Because the system is broken.

During Food Waste Action Week, one school in Wales is quietly showing how to fix it.

And they’re doing it with a compost bin.

The Food Waste Nobody Wants to Talk About

At Llanfoist Fawr Primary School in Abergavenny, staff started noticing something many schools see but rarely challenge.

A four-year-old child receives the same portion size as an eleven-year-old.

Same oranges.
Same potatoes.
Same servings.

The result?

Waste.

Not scraps.
Whole food.

Headteacher Stuart Davis explains the problem clearly:

“We’re seeing huge half jacket potatoes and whole oranges coming back. The current guidelines give the same portion sizes for children aged four to eleven. That simply doesn’t make sense.”

So the school did something unusual.

They didn’t just complain about waste.

They decided to show the system the problem.

Meet the “Big Friendly Composter”

The pupils call it the Big Friendly Composter.

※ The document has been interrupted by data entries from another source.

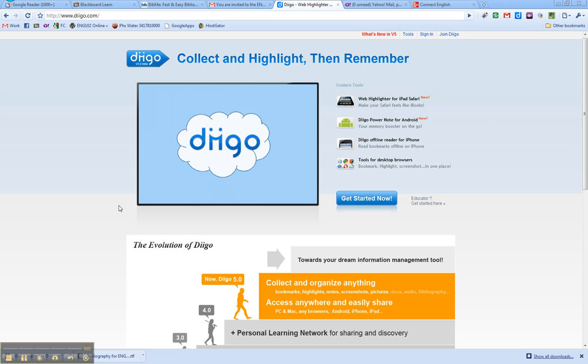Hi, this is Dr. Cooper and this is a screencast for the English 102 Freshman Composition course. This quick screencast will show you how to register and get your Diigo account all set up.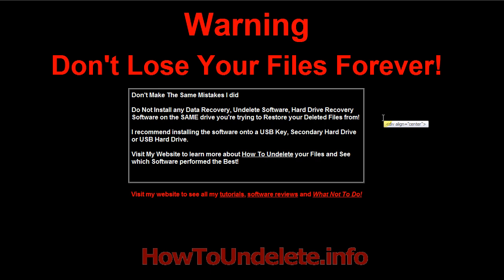You can install it to say a USB key, a USB hard drive or your secondary hard drive.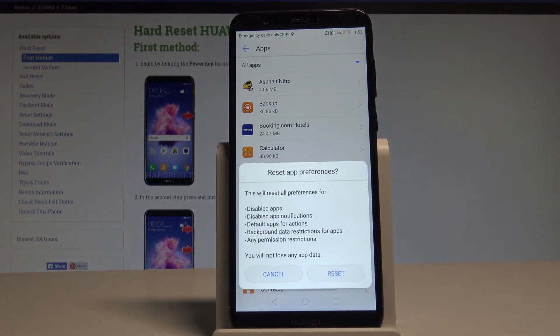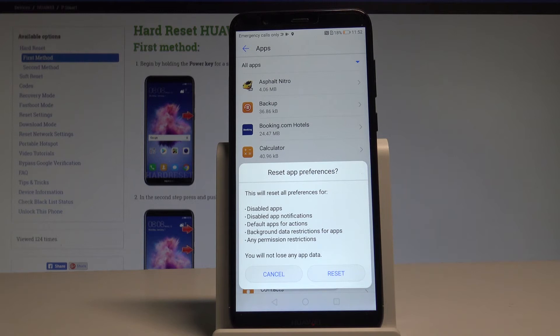This will reset all preferences for disabled apps, disabled app notifications, default apps for actions, background data restrictions of apps, and any permission restrictions. Importantly, you will not lose any app data.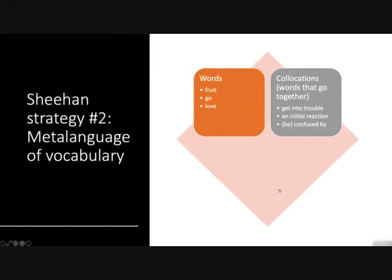When I first started teaching ESL, it took me literally years to figure out why there were so many grammar rules in English that didn't seem to respond to any rhyme or reason — there seemed to be more exceptions than words following the rules. Students would ask: why is it 'get into trouble' and not 'get to trouble' or 'get with trouble'? Why is it 'to be confused by' and not 'to be confused with' or 'to'?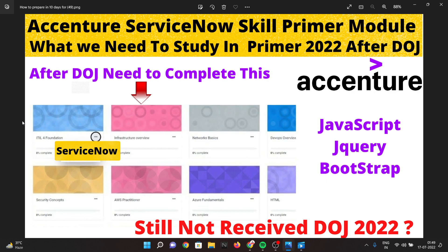You can expect modules such as ITIL4 Foundation, infrastructure overview, network basics, DevOps overview, and security concepts. You will also need to cover AWS Practitioner, Azure Foundation, HTML, CSS, JavaScript, jQuery, and Bootstrap as part of the front-end section.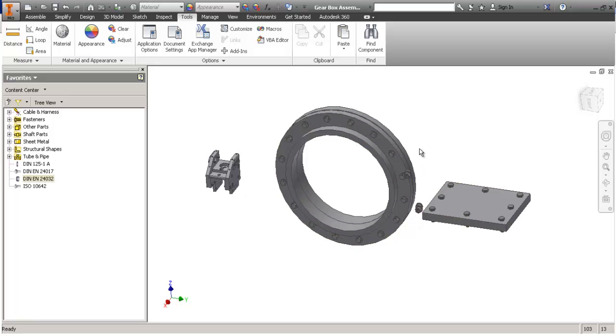This concludes our presentation on placing fasteners from content center. Thank you.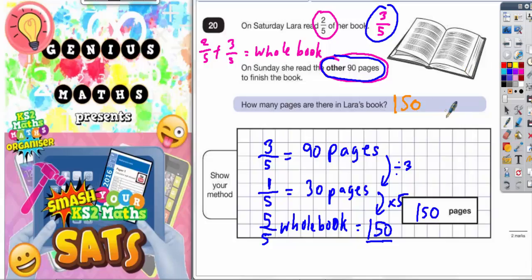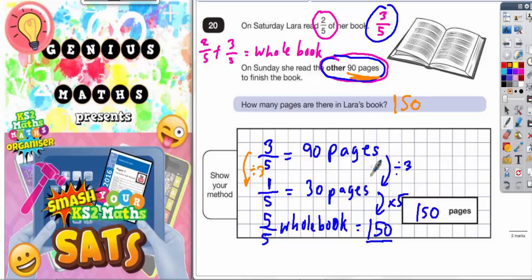Just to recap: she read two-fifths on Saturday, which meant there was three-fifths still left to read on Sunday. But this three-fifths must have been equal to 90 pages. So if three-fifths is worth 90 pages, divide that by three and you're going to get one-fifth. 90 divided by three is 30 pages. So if one-fifth is 30 pages, the whole book is five-fifths — times that by five — and 30 pages times five is 150 pages.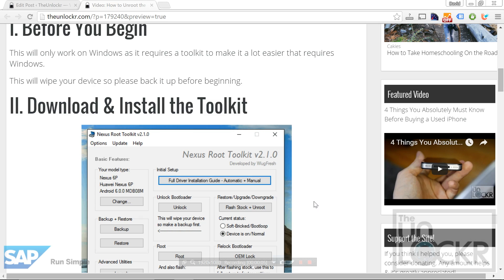Okay, so before we begin, this will only work on Windows because it requires a toolkit that makes things a lot easier that only works on Windows. Also, this will wipe your device, so make sure that you back up everything that you need: photos, contacts, etc.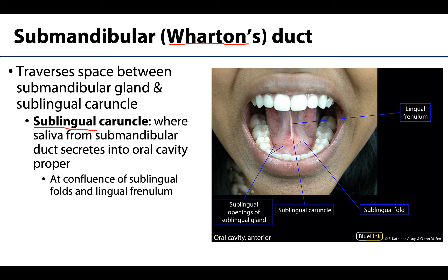You will see the two caruncles — I'm going to try to circle them without blocking them. The two caruncles are on either side of the lingual frenulum and medial to the sublingual folds. The sublingual folds are elevations, slightly higher, caused by the deep sublingual glands as well as the submandibular ducts. These two small areas allow saliva from the submandibular gland to move into the oral cavity.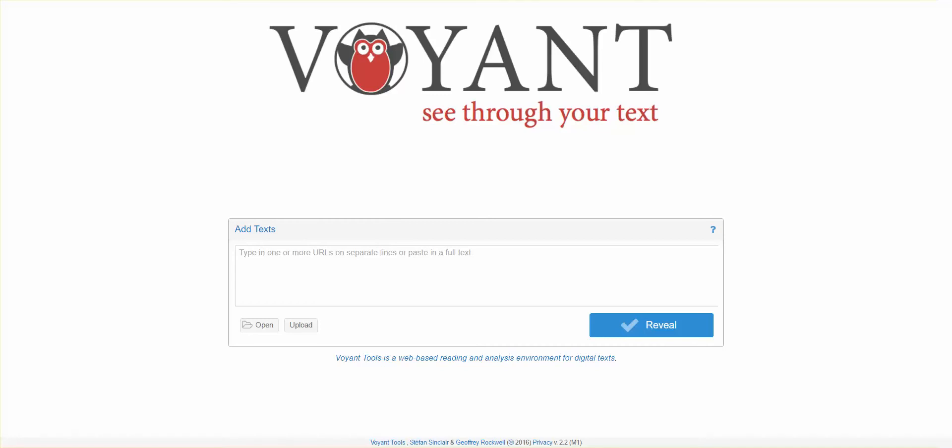First off, what are word clouds? Word clouds are a collection of frequently used words in a document. The more a specific word appears in a source of text data, the bigger and bolder it appears in the word cloud.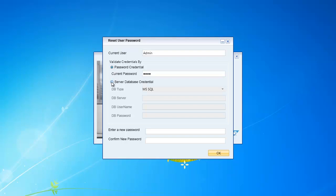I can simply provide the Server Database Credentials. So I click on Server Database Credentials, specify the database server name or IP address.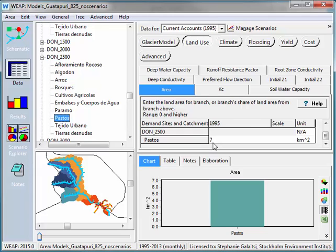So you can imagine that if you had massive amounts of data to change, it might be easier to do it in Excel rather than going into each individual window within WEEP. This has been a WEEP instructional video. Good luck with your models.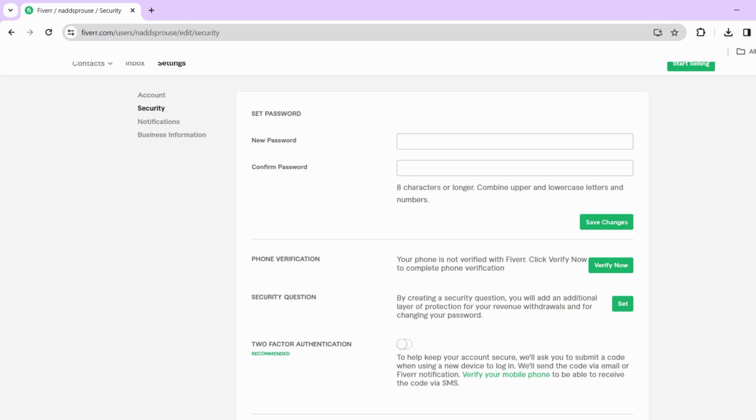Click on the relevant option to change your phone number. Then, follow the prompts provided by Fiverr to update your phone number with the new information.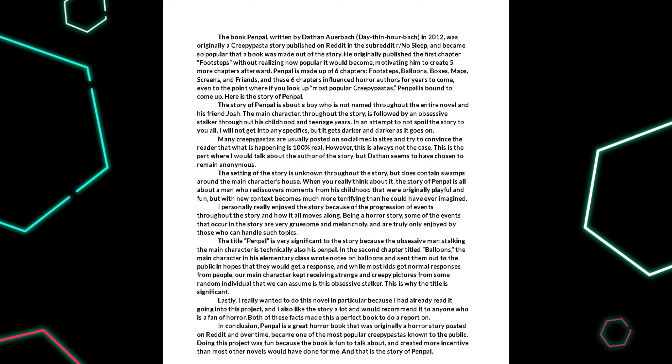He originally published the first chapter, Footsteps, without realizing how popular it would become, motivating him to create five more chapters afterward.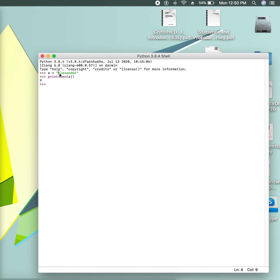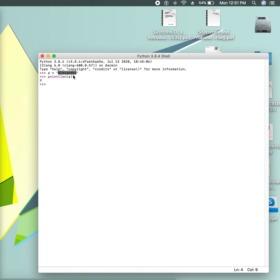9 — you can see that? So that's because A, L, E, X, A, N, D, E, R — that's 1, 2, 3, 4, 5, 6, 7, 8, 9. So this is correct. That's how I get to know the length of something.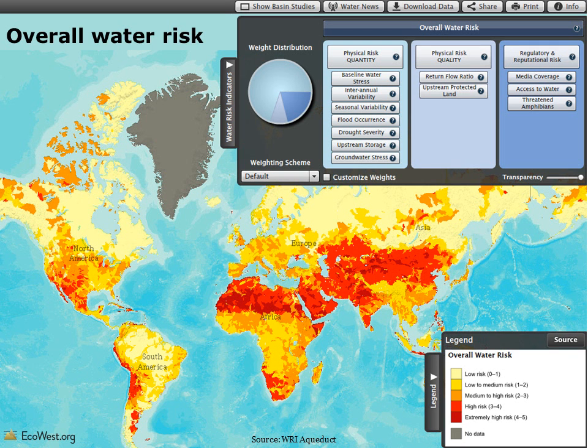This screenshot shows how overall risk compares worldwide. You can also view individual components and select from weighting schemes that vary by industry.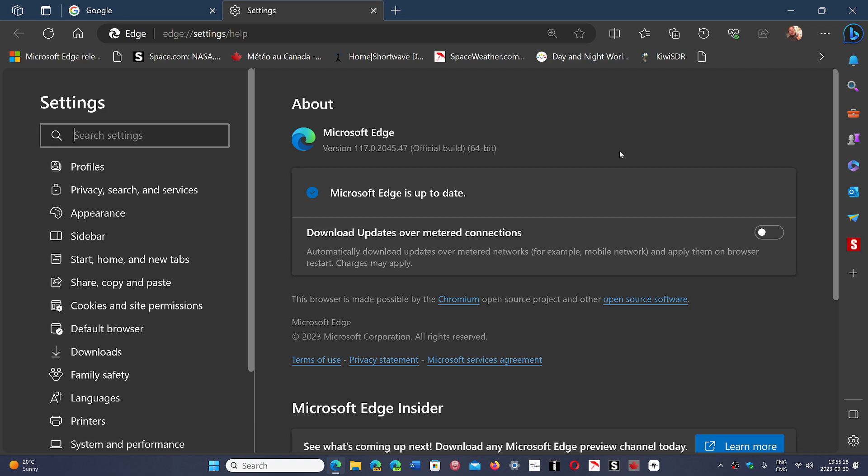So even if you don't use Microsoft Edge, update it because you know that the way that Microsoft is sneaky sometimes in Windows, it could happen that you click a link or click something and Edge is going to open instead of your default browser.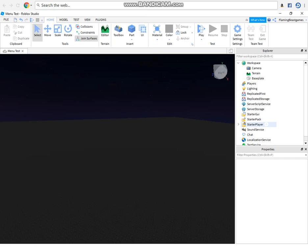What's going on everybody, welcome back to another tutorial video for Roblox and today I'm going to be showing you guys how to make basically a menu.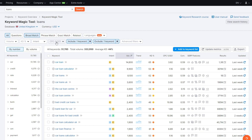CPC is the cost per click you'd pay if doing Google Ads — an estimate of how much you'll pay per click from that keyword through paid search. Then we have Include and Exclude filters, which we already covered, and also Advanced Filters.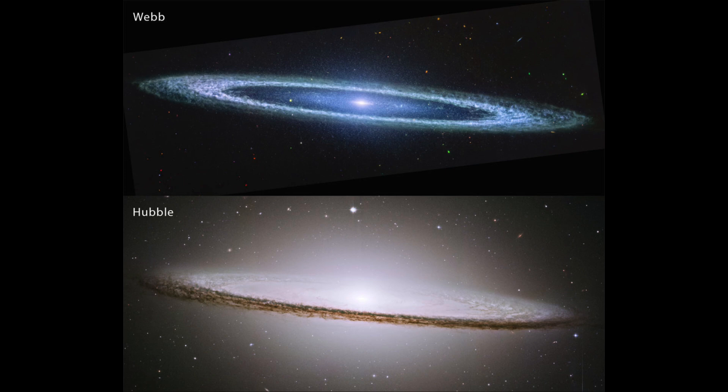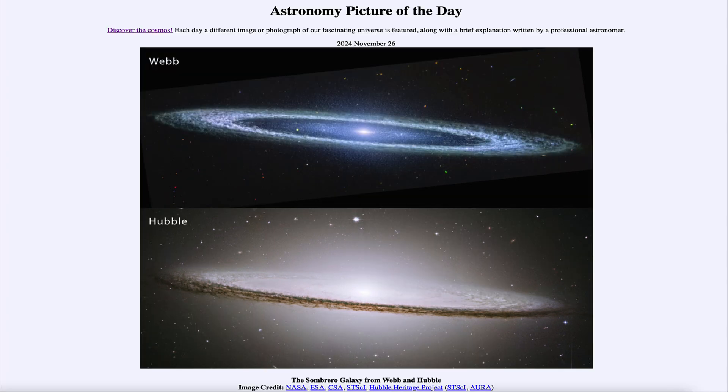We don't see that whole dust ring in the Hubble image — part of it is hidden by the excess light of the stars. So we can often get a completely different picture and a completely different understanding of objects by looking at them in different wavelengths. Here we see the visible light image from Hubble and the Webb image showing the infrared light of the Sombrero Galaxy. So that was our picture of the day for November 26th of 2024, titled the Sombrero Galaxy from Webb and Hubble.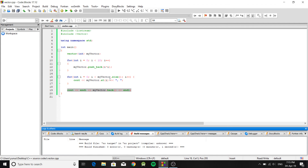If you're interested in learning more about vectors, there are a lot of useful resources online that explain all possible functions. In this video we covered the basic fundamental ones that you'll use most. That's pretty much it — thank you for watching.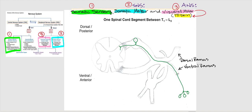Let's trace the direction of the action potential. It's going in this direction because this is sensory — this is input. Where is it heading? To the central nervous system, the spinal cord.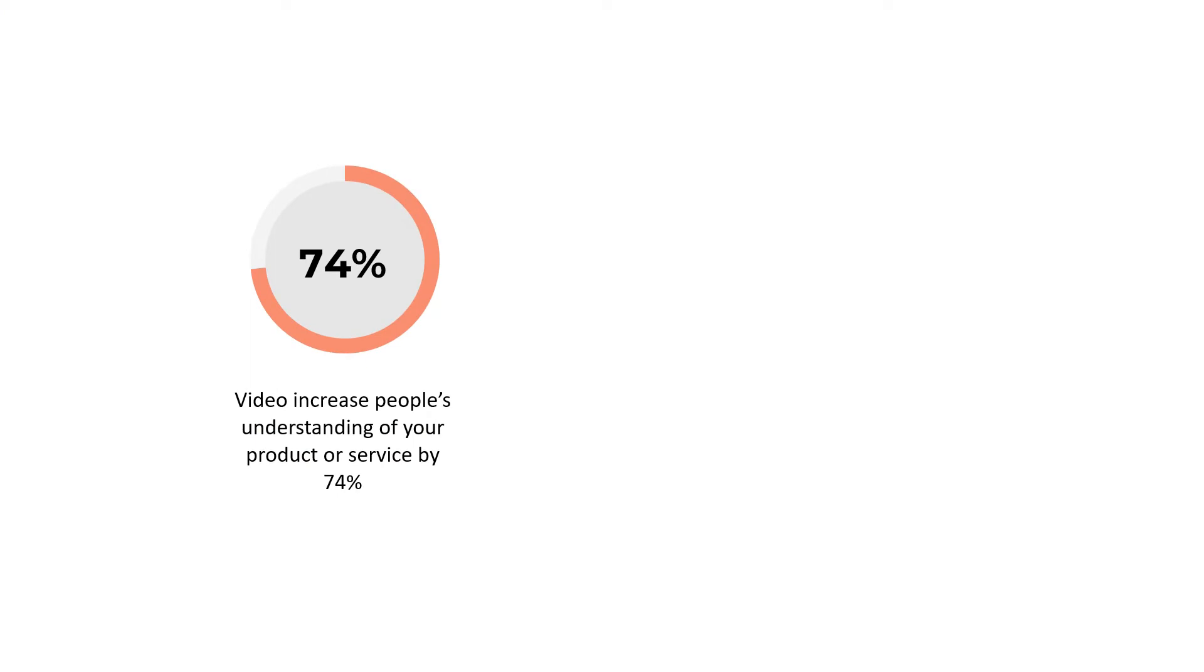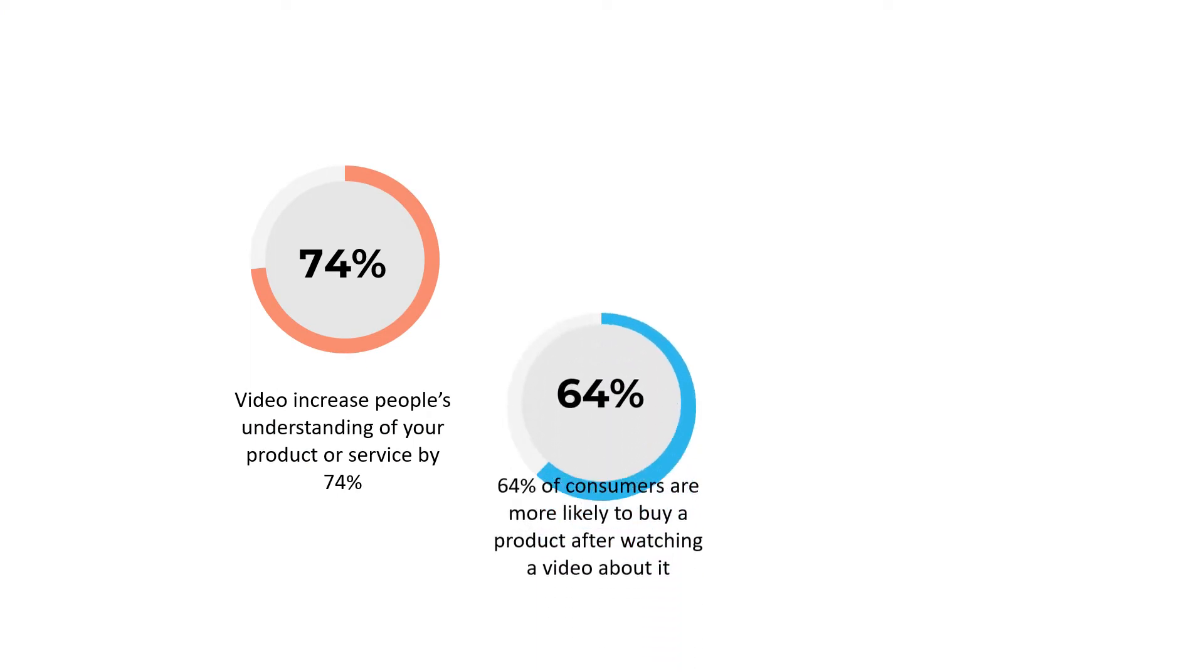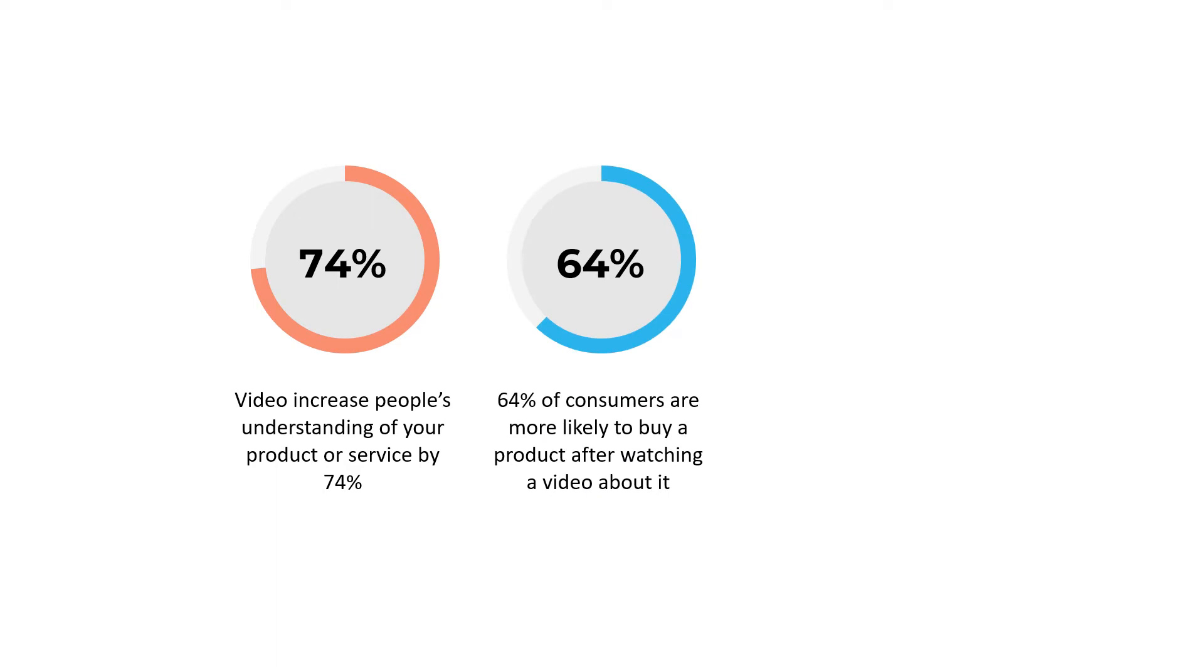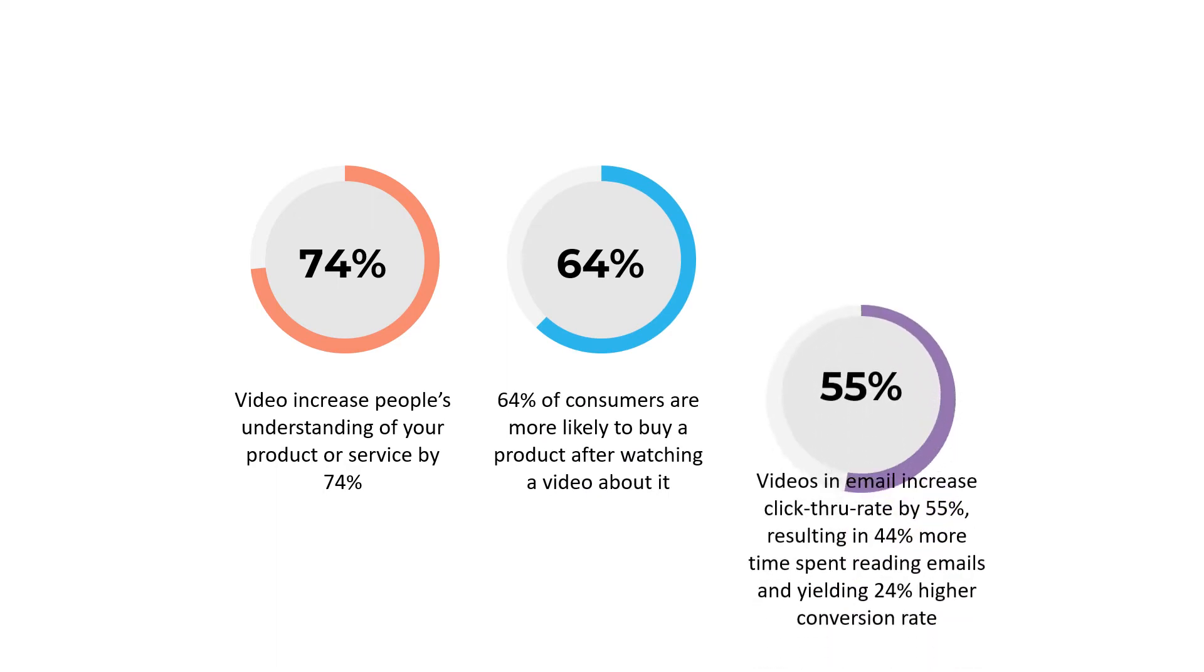Video increases people's understanding of your product or service by 74%. 64% of consumers are more likely to buy a product after watching a video about it.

Behind the friendly name is something powerful: a Ridan aerobic composting system, supported with Bokashi fermentation to safely process cooked food waste.

Instead of food waste leaving the school in a truck, it now stays on site.

Food scraps become:

Compost
Soil
Life

And eventually…

vegetables and flowers grown by the children themselves.

The Most Important Part of This Project

It wasn’t started by adults

The idea came from the school’s Eco Committee.

The children themselves noticed the amount of food being thrown away.

They asked a simple question:

“Why are we throwing this away?”

So they helped create a solution.

This is important.

Because sustainability programmes designed for children rarely work.

But programmes designed by children change everything.

The result?

Eight weeks in:

  • The compost system is running at around 50°C, climbing toward the ideal 55°C+ needed for rapid composting.

  • Students are monitoring the system.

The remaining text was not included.